An LED is a welcome replacement for traditional light sources. On an aircraft, LEDs are gradually being used more and more for the purposes of indication and warning.
Anti collision lights (the flashing lights seen on an aircraft)are either red or white in colour. White anti collision lights use white LEDs, and red anti-collision lights use either red, or red orange LEDs.
The one problem with an LED is the relationship between light output and temperature. The luminous flux falls with temperature, as shown below:
The CREE XPE Red LED, for example, is about 30% efficient. The remaining 60% energy is given off as heat, and this heat results in the rise in temperature of the LED.
For anti collision lights, the effective intensity must be determined in accordance with the Blondel Rey equation, which, simply put, mathematically states that as the pulse duration is increased, the light appears brighter. This relationship between apparent brightness and the “on” duration of the pulse is non linear.
So we are faced with a conflicting situation: Increasing the pulse “on” duration will make the light appear brighter, allowing for fewer LEDs. But increasing the pulse duration increases the average heat dissipated per LED. There must be a pulse duration that strikes the best balance between the two conflicting requirements. That’s what we shall uncover here.
To begin with, let’s assume that we have a design wherein each LED contributes 50cd of light. Lets further assume that we are building a light that has an effective intensity of 400cd. If we were to flash the light for only 5ms, we would need an LED intensity of 400*41 = 16,400cd. (The 41 coming from the inverse of the Blondel rey factor for a 5ms pulse = 0.0244) This would be met by 16,400/50 = 328 LEDs. On the other hand, if we were to flash the light for 1s, we would need an LED intensity of 480cd. This would be met by 9.6 LEDs.
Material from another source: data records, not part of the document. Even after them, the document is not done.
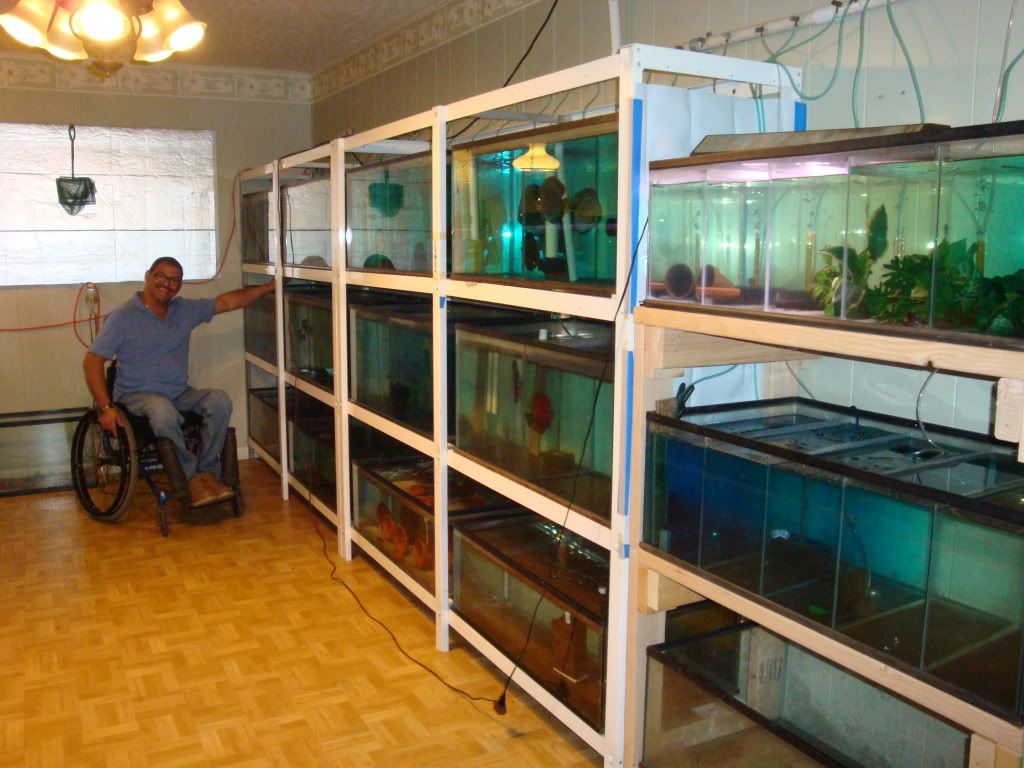 Show me your fish room! - Page 6 TASOCTB2010066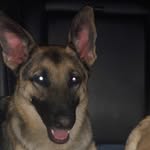 Denali - @denali_the_shepard_ - Instagram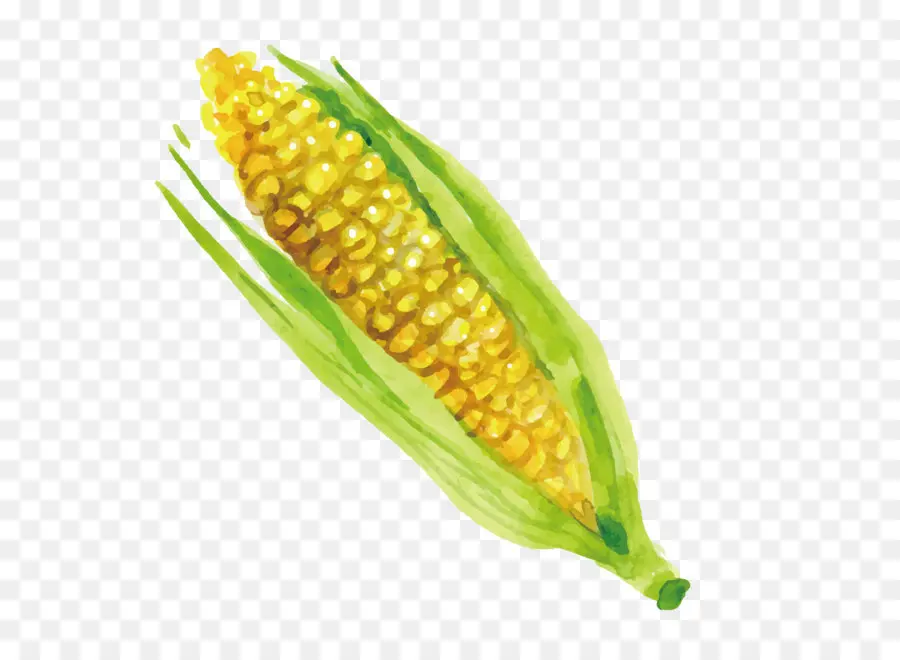 кукурузы，кукуруза на початках PNG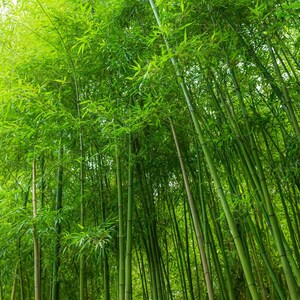 May include: A lush, vibrant image of a bamboo forest. Tall, green bamboo stalks rise towards the sky, with dense foliage creating a canopy overhead. The scene is bathed in natural light, highlighting the fresh green color of the bamboo.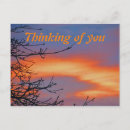 Pesquisar por thinking of you cartoes postais Qualquer pessoa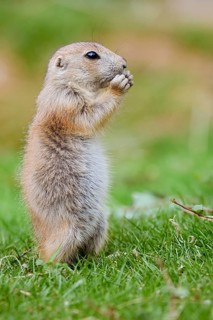 Black-tailed prairie dog (Cynomys ludovicianus), young animal stands feeding in a meadow, captive,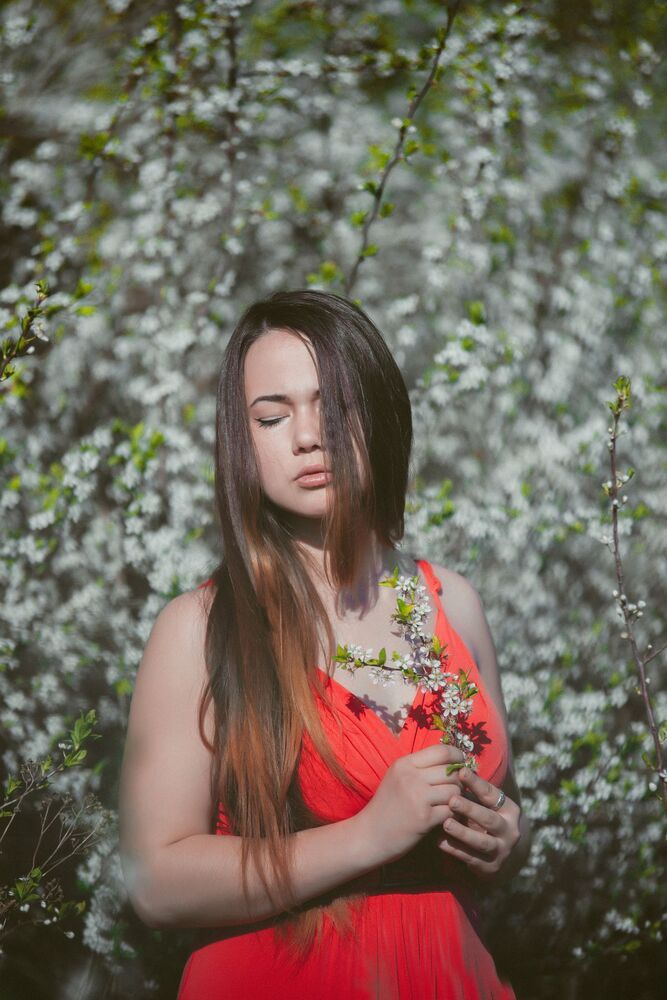 Photo 1102566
Now each red LED drops about 2.3V, at 700mA. The power dissipated per LED is 1.61W. For a flash rate of 42 flashes per minute, the gap between two successive flashes is 1.428s. Thus, the average power in the 5ms case is = 0.005s/1.428s * 328 LED* 1.61/LEDW = 1.85W. The average power in the 1s case is = 1s/1.428s * 9.6 LED * 1.61W/LED = 10.82W.
While we may have thought that 328 LEDs generate more heat than 10 (9.6) similar LEDs, the above calculations show that the pulse duration also determines the average heat dissipated.
The graph below shows three curves: Required number of LEDs, Power dissipated, and LED-Power product. The number of LEDs are determined using the Blondel Rey equation, with the 400 effective candela target, and the 50cd/ LED value. The power is determined by as the average power dissipated by the LEDs. The power increases with the pulse duration, despite the fact that the number of LEDs are dropping (as seen in the blue curve). However, the product of number of LEDs required and the power dissipated hits a minima at 200ms. That is the optimal flash duration.
The interesting thing about this is that, the minima is always reached at 200ms, irrespective of the flash rate. So if you were to flash a light designed inaccordace to the Blondel-Rey equation with a flash rate of 60 flashes per minute, the minima at 200ms will yield a minimum power-LED product of 82.4Watts-LED. If one were to flash this same system at 42 flashes per minute, the 82.4Watts-LED product is now seen at 685ms, but the minima is still at 200ms, with 57.7Watts-LED. The 200ms is reached irrespective of the optical design of the system , or the target intensity.
Infact, most LED anti collision lights (see any LED anti collision you can lay your eyes on), flash at 200-300ms. Simple, isn’t it?
Conclusion: Flash your LEDs at around 200ms pulse width. Reduce the flash rate to the minimum possible. That way, you will save on LEDs, and have the lowest heat for the given thermal system.